Australian sports administrator (1890–1978)

Sir Harold George Alderson, circa 1965

Sir Harold George Alderson (18 August 1890 – 4 October 1978) was an Australian sports administrator including President of the Australian Olympic Federation and Australian British Empire & Commonwealth Games Association.

==Personal==
Alderson was born 18 August 1890 at Balmain, a suburb in the Inner West of Sydney. He was the second child of James Bull Alderson, architect, and his wife Lilias Maud, . Alderson attended Mosman Public School and Fort Street Model School. In 1919, he opened a public accountancy business in the city. He died on 4 October 1978 at Mosman and was survived by his second wife Hilda Nancy Buddee and a daughter.

==Sports administration career==

===Rowing===
In 1911, Alderson became a member of the Mosman Rowing Club and in 1915 was the club captain. He then became involved in the New South Wales Rowing Association. He was Secretary from 1918 to 1920, chairman from 1920 to 1970 and president from 1970 to 1978. He was Secretary of the Anniversary Regatta Committee for over 50 years from 1920. From 1927 to 1972, he was the New South Wales Councillor on the Australian Amateur Rowing Council Board. Alderson was a regular rowing contributor to The Sydney Morning Herald.

===Olympic Games===
Alderson had an extensive involvement in the Australian Olympic movement and one journalist referred to him as "Mr Olympics". He was President of the New South Wales Olympic Council from 1926 to 1970. In 1936, he was Vice President of the Australian Olympic Federation (AOF) and became President of the Australian Olympic Federation (AOF) in 1946, a position held 1973 when he was replaced by Edgar Tanner.

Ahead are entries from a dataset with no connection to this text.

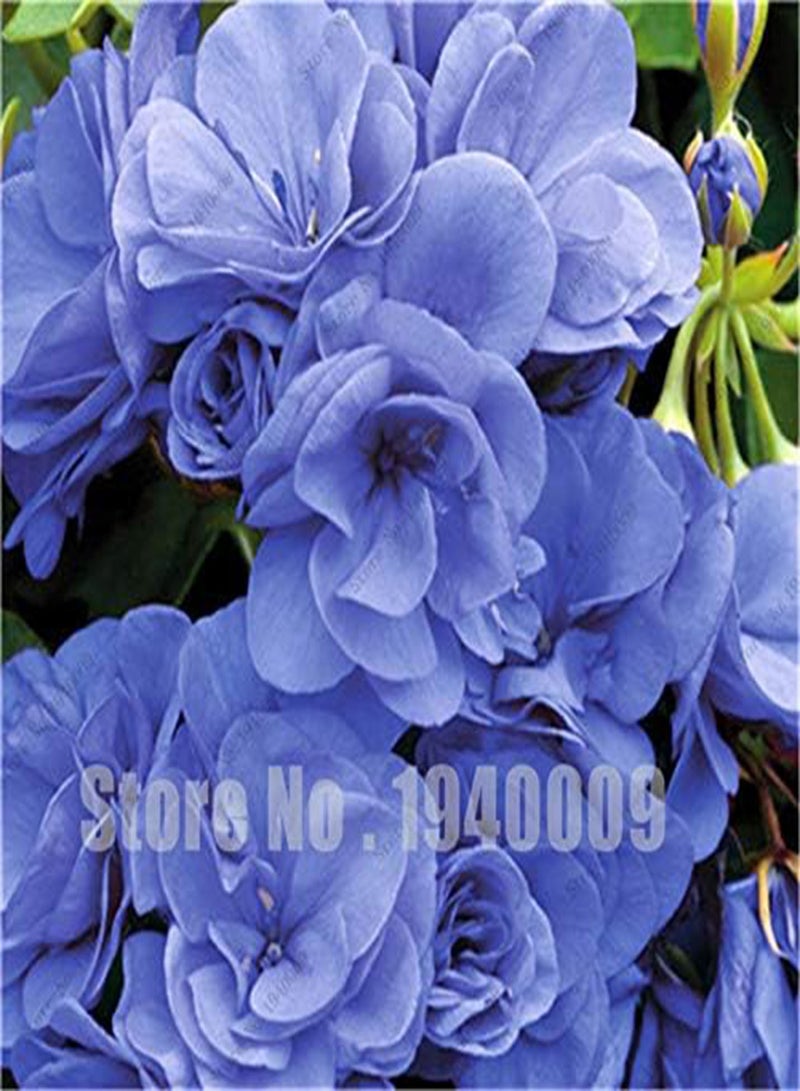 GGOOT Fresh 10 Pcs Geranium Flower Seeds for Planting Red White - Image 4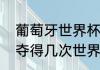 葡萄牙世界杯冠军一共几次（葡萄牙夺得几次世界杯冠军）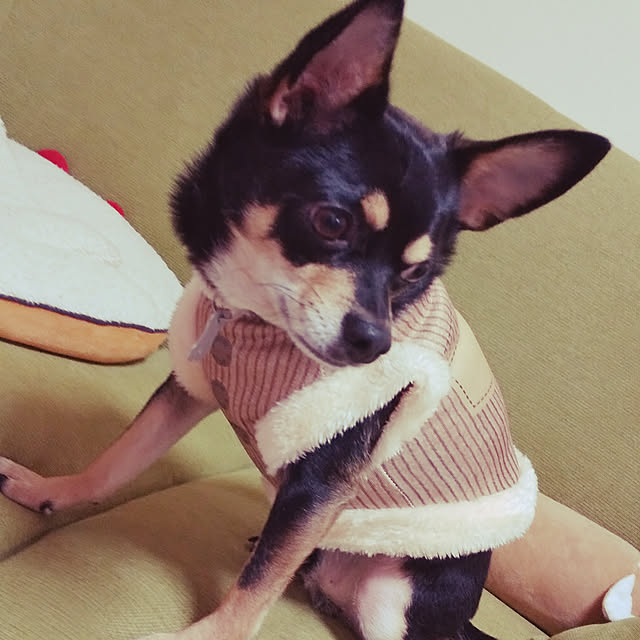 korohukumamanさんの実例写真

Alderson stepped down as President at the age eighty-two. He was General Manager of the Australian team at the 1936 Berlin Olympics. In his official report on the Games, Alderson stated the need for the construction of cinder tracks and indoor swimming pools in Australia. Harry Gordon wrote that he "returned disillusioned by the intrusion of nationalism and professionalism into the Olympics". Alderson believed that Australia should focus n the British Empire Games rather than the Olympics. As President of the AOF, he played an important role in Melbourne's bid for the 1956 Summer Olympics as he was a member of the four-man bid delegation.

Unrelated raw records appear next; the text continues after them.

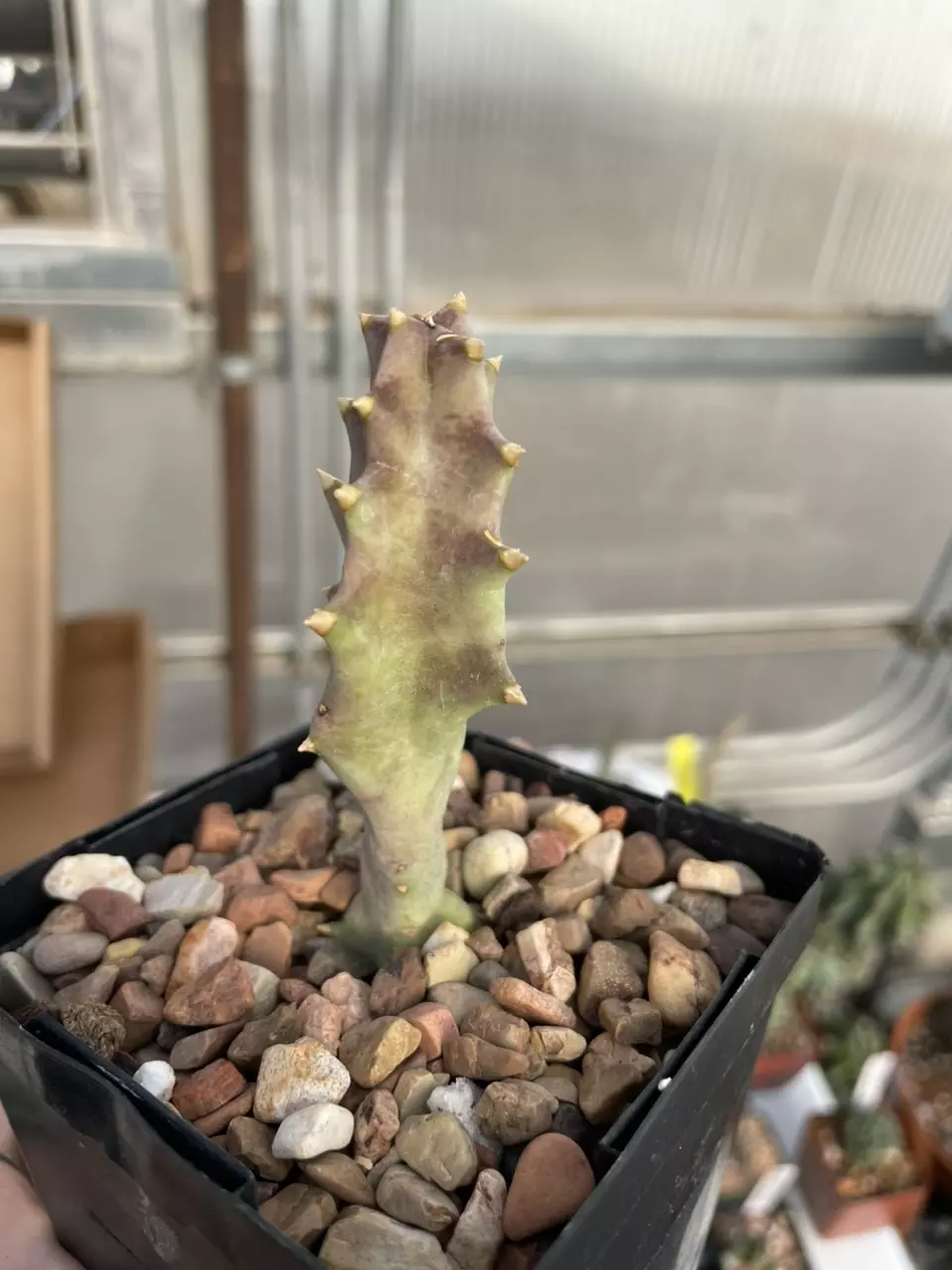 plant/Orbea melanantha-1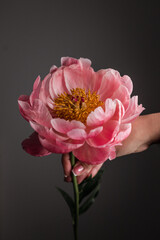 A woman holds a blooming freesia flower on a black background.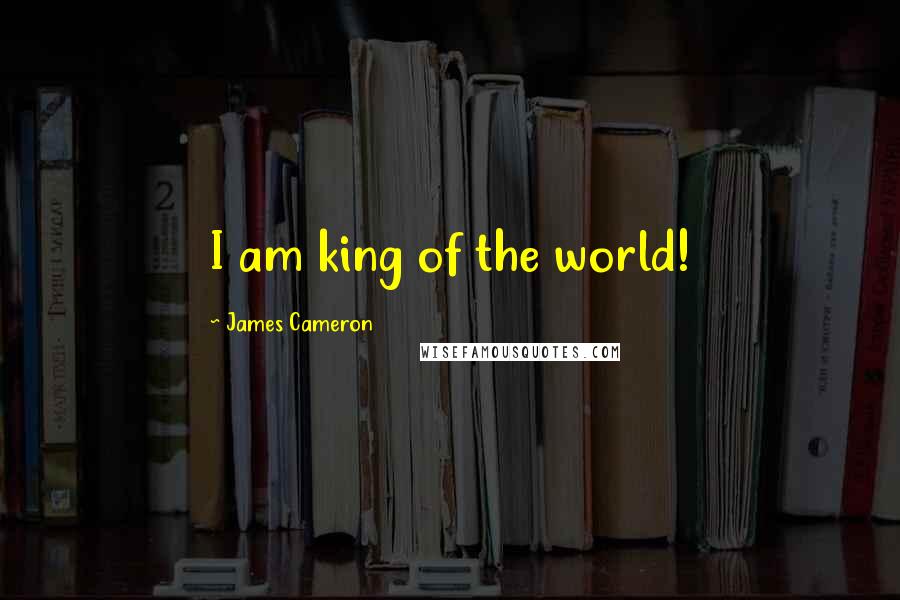 James Cameron Quotes: I am king of the world!
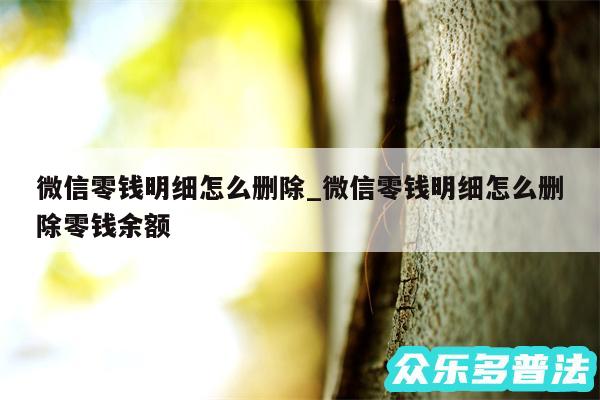 微信零钱明细怎么删除_微信零钱明细怎么删除零钱余额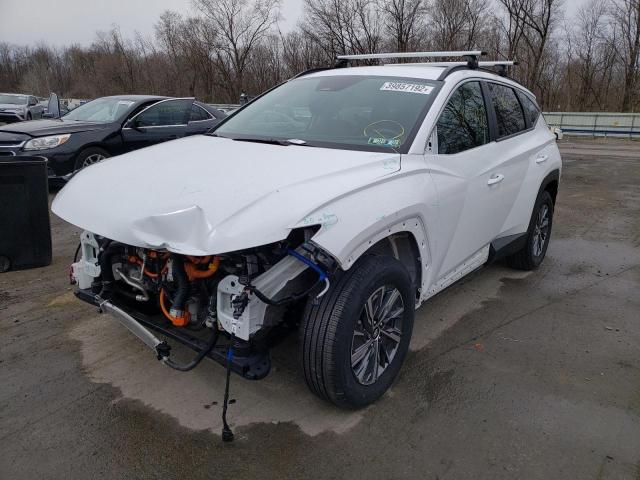 2022 HYUNDAI TUCSON BLU KM8JBCA12NU025355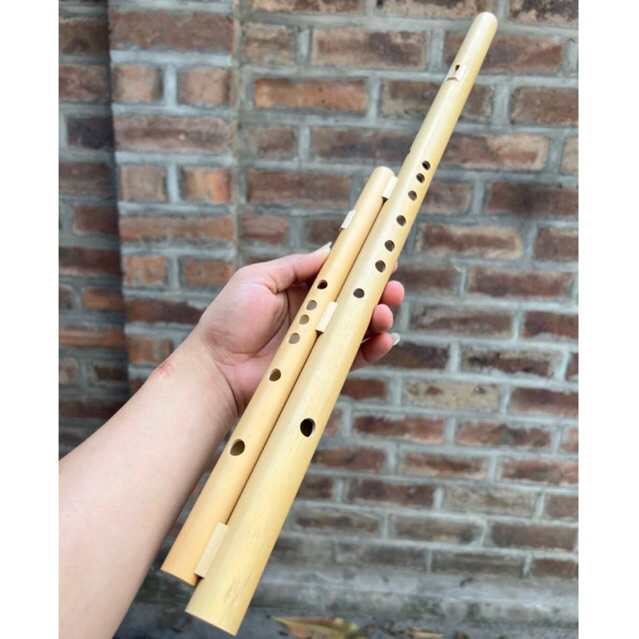 Sáo Mèo Kép Nứa Nam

In 1973, just prior to retiring lamented that the Olympics were becoming a contest between nations to provide the biggest Games. After his death, Sydney Grange, AOF Chairman said: "Sir Harold had contributed more to the Olympic movement in Australia than any other individual. As Chairman for some 30 years he steered the federation through many Olympics."

===Commonwealth Games===
Alderson was Chairman of the various Australian Commonwealth Games Committee's from 1949 to 1973.

Alderson's served on the 1938, 1962 and 1966 British Empire Games and Commonwealth Games Committees.

Alderson also served as Chairman of the New South Wales Sports Club, Rothmans Sports Foundation and New South Wales Council of National Fitness. Alderson was the honorary treasurer of the St John Ambulance Australia New South Wales Division for over 30 years.

==Honours==
- 1938 Birthday Honours Appointed Member of the Order of the British Empire (MBE), for role General Manager of the Australian team at the 1936 Berlin Olympics.
- 1956 Birthday Honours - Knighted for services to amateur sport.
- 1959 - Appointed Commander of the Order of St John.
- 1997 - Sport Australia Hall of Fame Awards inductee.
- Life Member of the Australian Olympic Committee.
- Life Member of the New South Wales Olympic Council.
- Life Member of Commonwealth Games Australia.